#### EXERCISE AIM:
Whatever appears in the records, retype it exactly, except for the pictures.

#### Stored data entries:
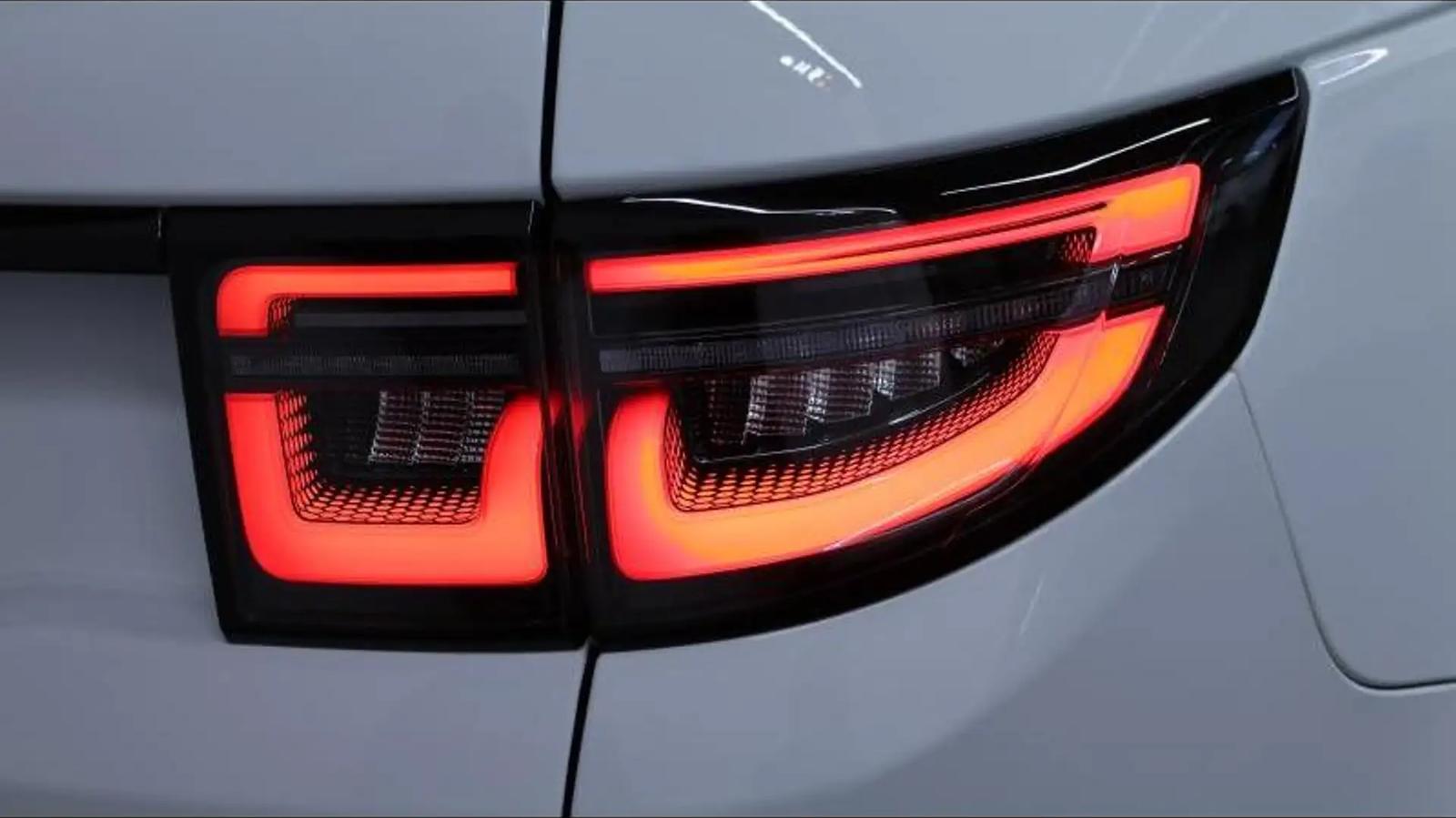Land Rover Discovery Sport D200 R-Dynamic SE, фото 4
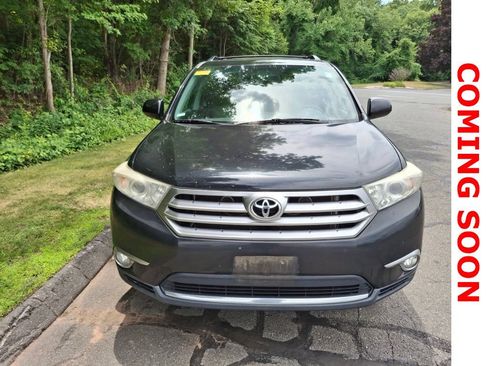 Used 2011 Toyota Highlander SE w/ Tow Pkg AWD/4WD image 3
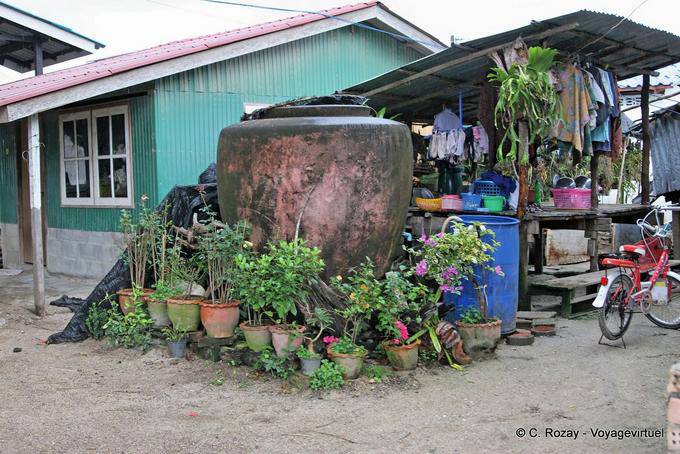Serbatoio acqua, Phuket Town Gypsy - La Tailandia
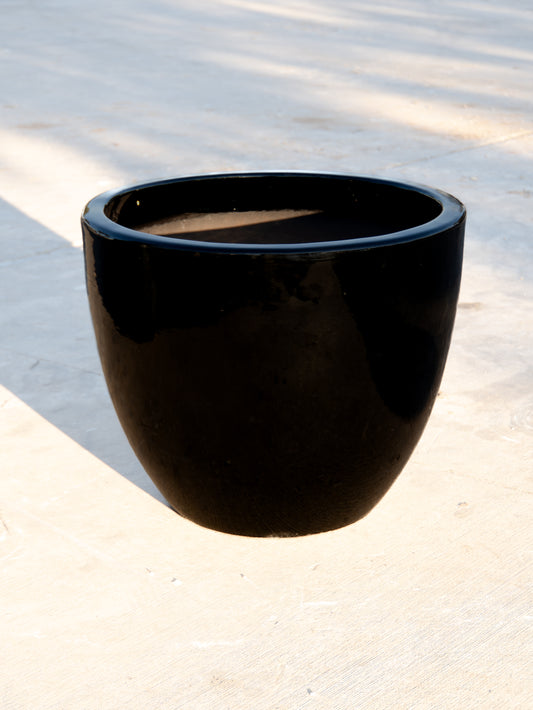 Glossy Black Lipless Round Planter 19"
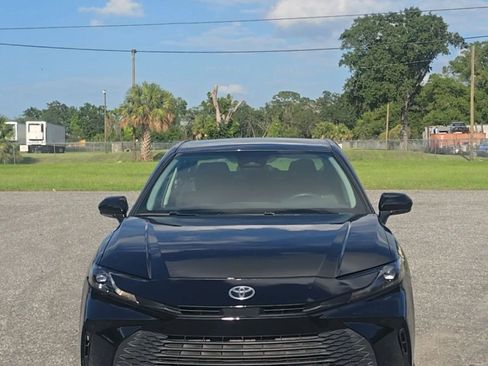 Used 2025 Toyota Camry LE FWD image 3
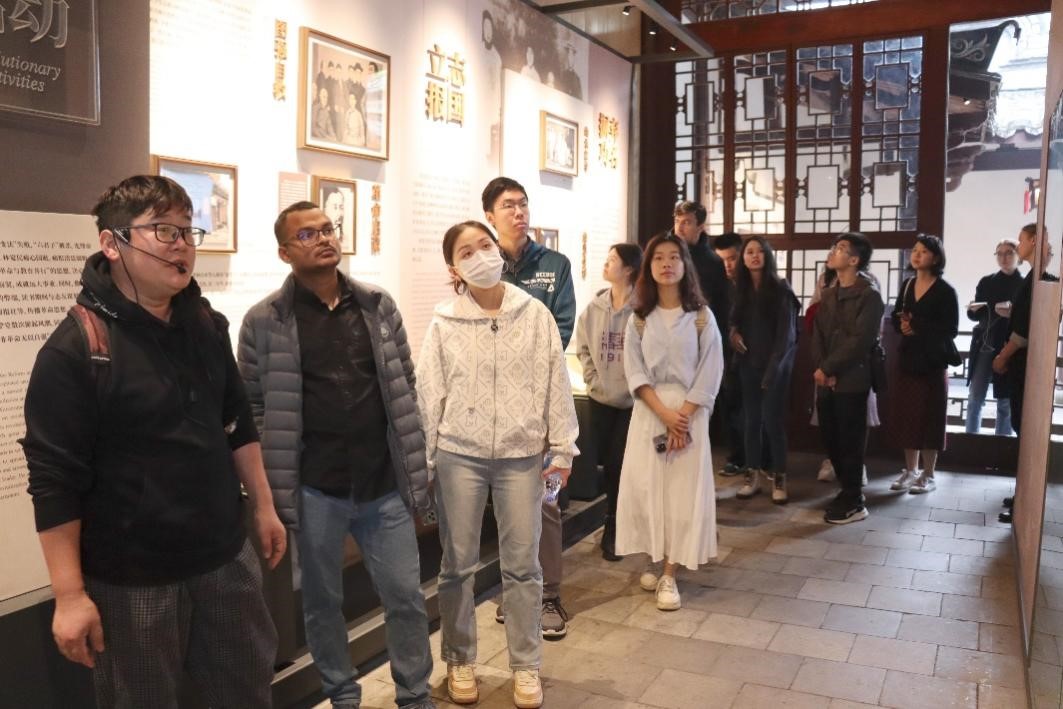 20231124-发现中国智慧,洞察中国发展——2023年华体会网页版“洞察中国”全球胜任力社会实践纪实-“洞察中国”福建实践支队-“洞察中国”福建实践支队参访福州三坊七巷街区.jpg
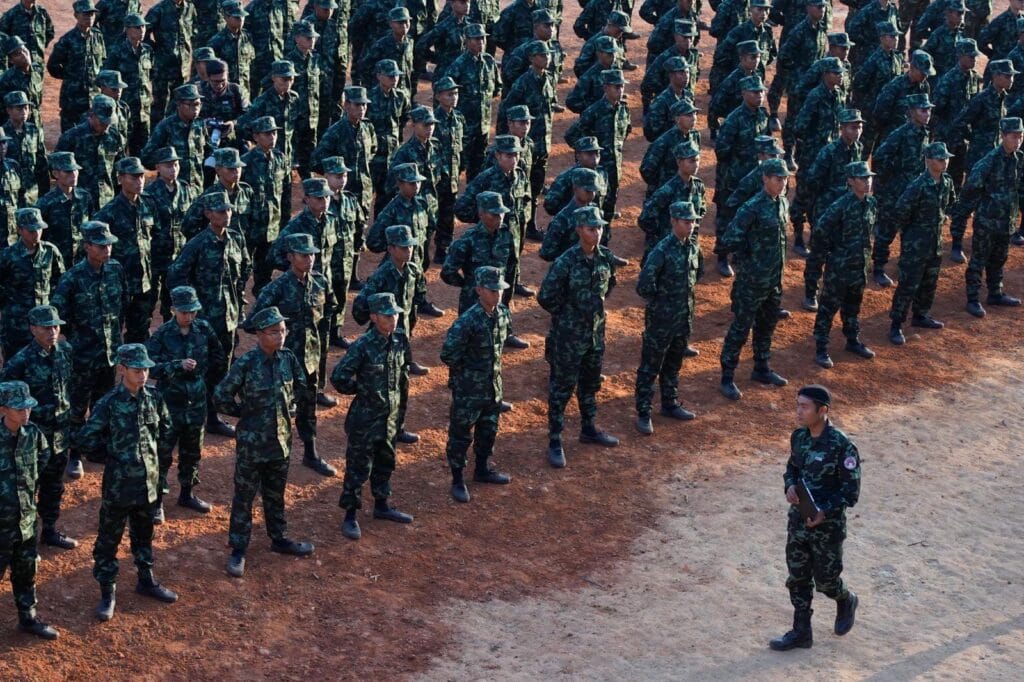 (BPLA ကွပ်ကဲ​ရေးမှူး ကို​ဆောင်းခ နှင့် BPLA တပ်ဖွဲ့ဝင်များ ။ဓါတ်ပုံ-BPLA)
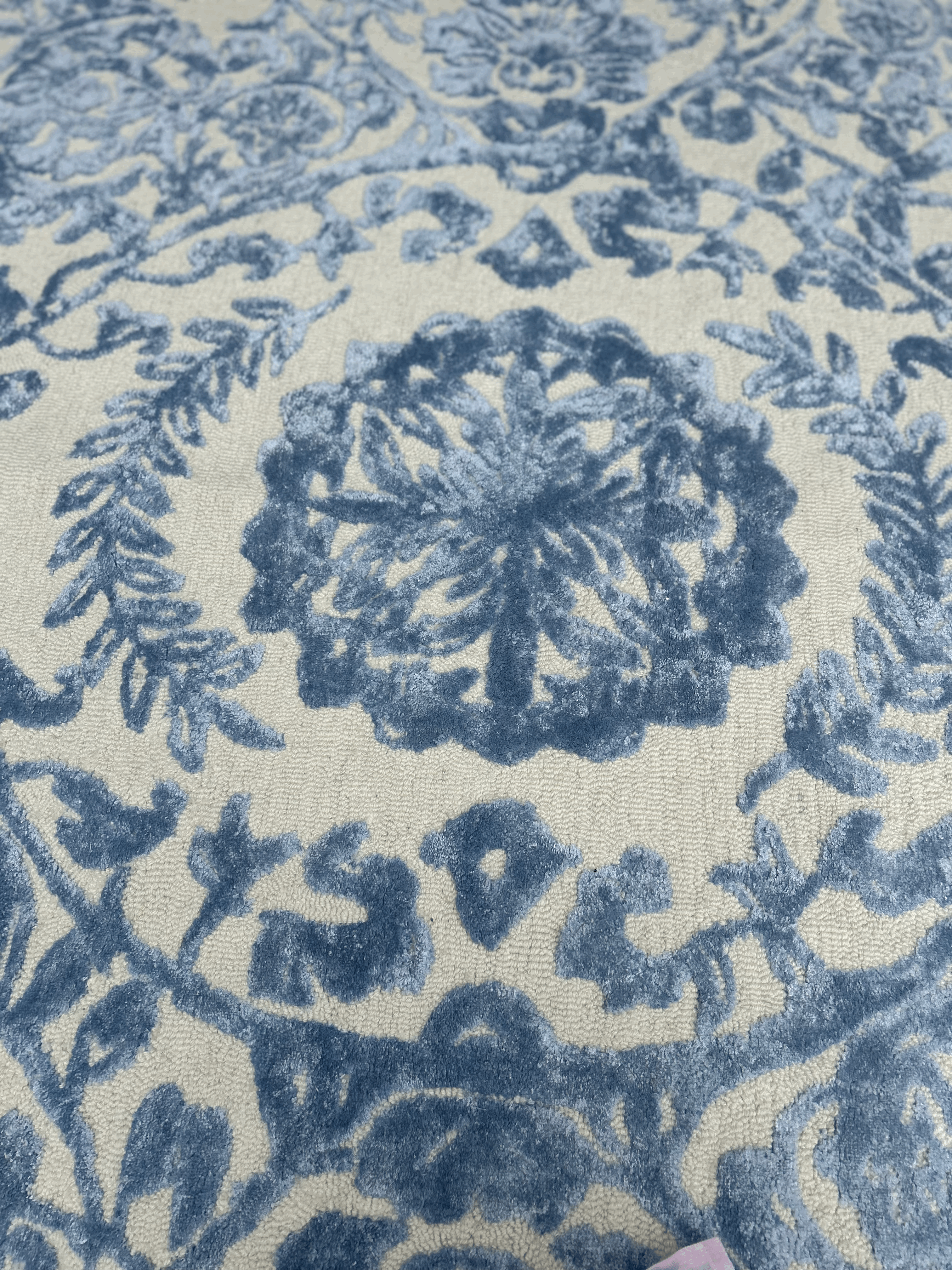 Zavira rug lifestyle placement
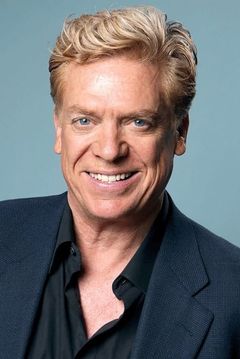 Christopher McDonald interpreta Roger McManus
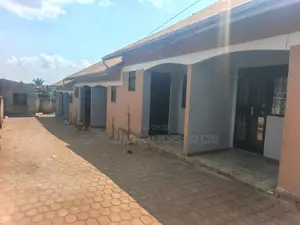 2bdrm Duplex in Seeta-Namuganga for sale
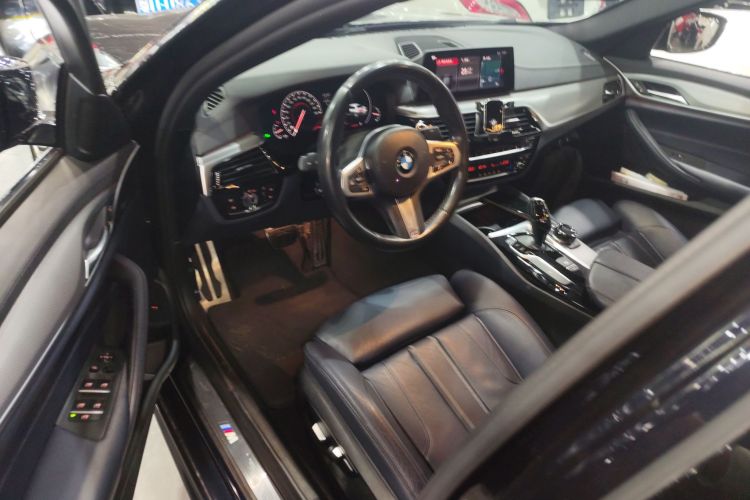 BMW 5 Series (Imported) 2018 car image #14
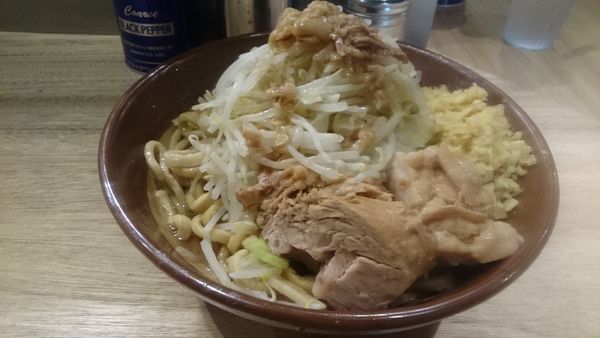 「ラーメン大・しょうが(ヤサイアブラ)￥９５０」@MEN YARD FIGHTの写真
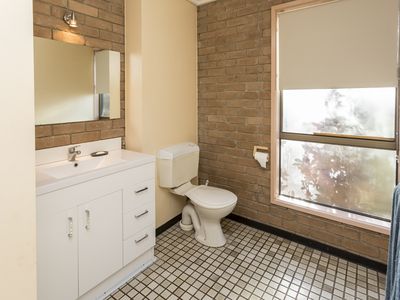 1 / 2 Lewis Street, Airlie Beach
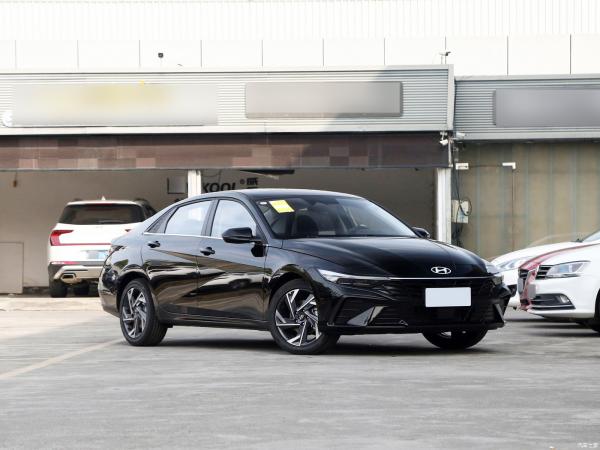 Safety Independent Suspension Compact Sedan Car With Petrol Fuel Type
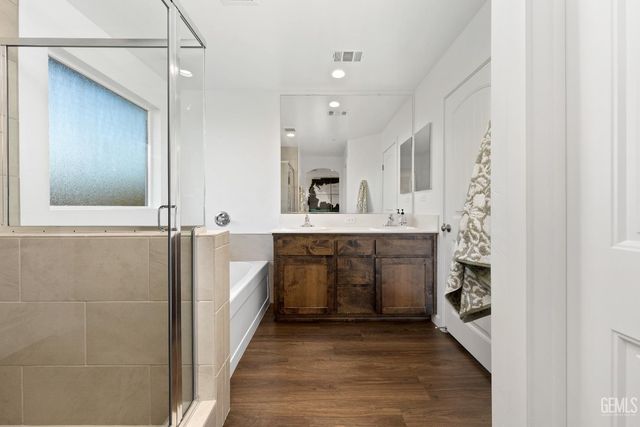 7305 Erskineville Drive, Bakersfield, CA 93307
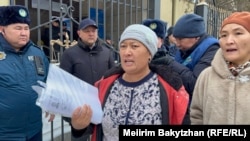 Істі болып жатқан "Атажұрт" белсенділерінің жақындары соттық жабық өтетініне қары болып тұр. Талдықорған. 23 қаңтар 2026 жыл.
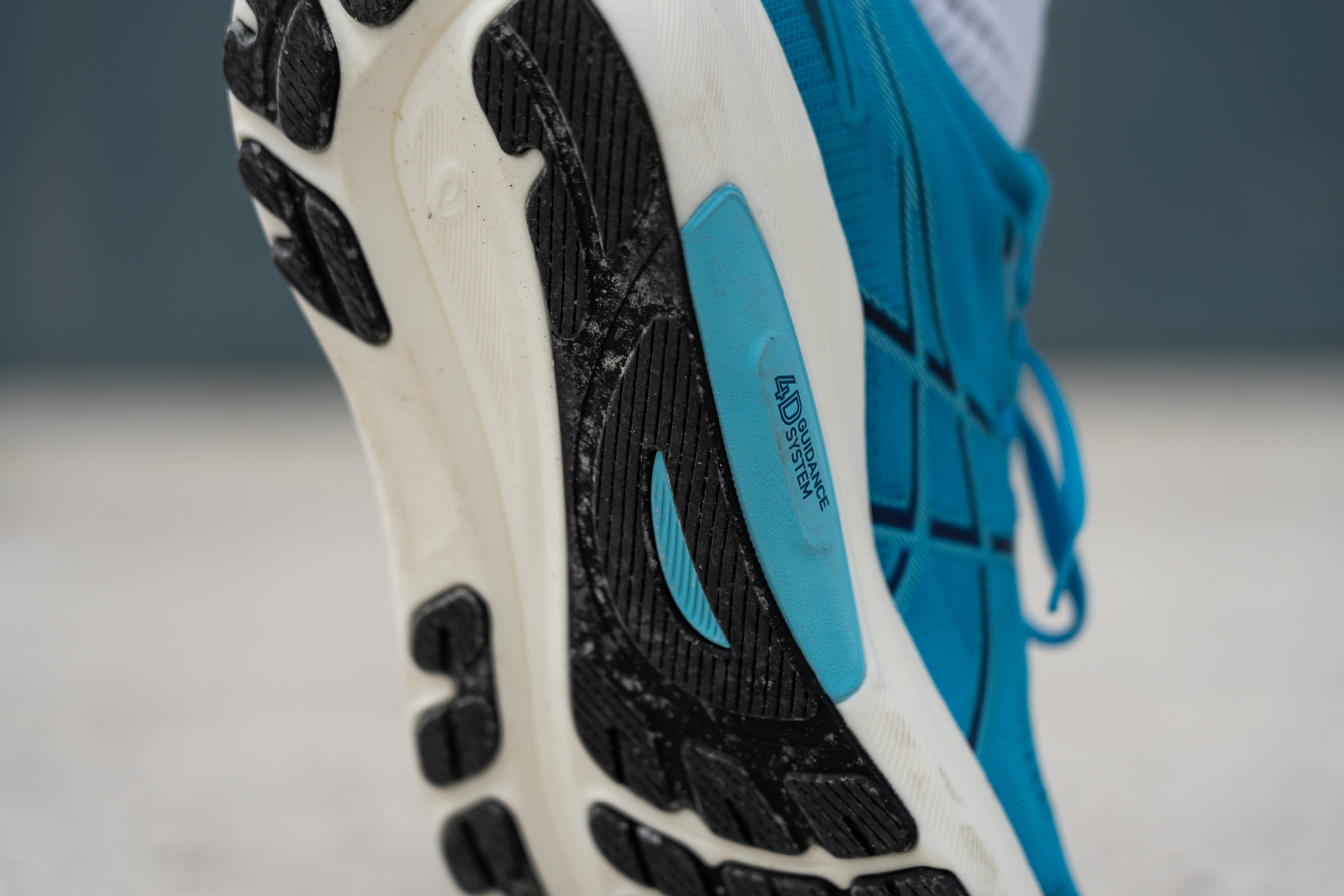 Cut in half ASICS Gel Kayano 31 Review 2024 RunRepeat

#### REPLY:
Land Rover Discovery Sport D200 R-Dynamic SE, фото 4
 Used 2011 Toyota Highlander SE w/ Tow Pkg AWD/4WD image 3
Serbatoio acqua, Phuket Town Gypsy - La Tailandia
 Glossy Black Lipless Round Planter 19"
 Used 2025 Toyota Camry LE FWD image 3
 20231124-发现中国智慧,洞察中国发展——2023年华体会网页版“洞察中国”全球胜任力社会实践纪实-“洞察中国”福建实践支队-“洞察中国”福建实践支队参访福州三坊七巷街区.jpg
 (BPLA ကွပ်ကဲ​ရေးမှူး ကို​ဆောင်းခ နှင့် BPLA တပ်ဖွဲ့ဝင်များ ။ဓါတ်ပုံ-BPLA)
 Zavira rug lifestyle placement
 Christopher McDonald interpreta Roger McManus
 2bdrm Duplex in Seeta-Namuganga for sale
 BMW 5 Series (Imported) 2018 car image #14
 「ラーメン大・しょうが(ヤサイアブラ)￥９５０」@MEN YARD FIGHTの写真
 1 / 2 Lewis Street, Airlie Beach
 Safety Independent Suspension Compact Sedan Car With Petrol Fuel Type
 7305 Erskineville Drive, Bakersfield, CA 93307
 Істі болып жатқан "Атажұрт" белсенділерінің жақындары соттық жабық өтетініне қары болып тұр. Талдықорған. 23 қаңтар 2026 жыл.
 Cut in half ASICS Gel Kayano 31 Review 2024 RunRepeat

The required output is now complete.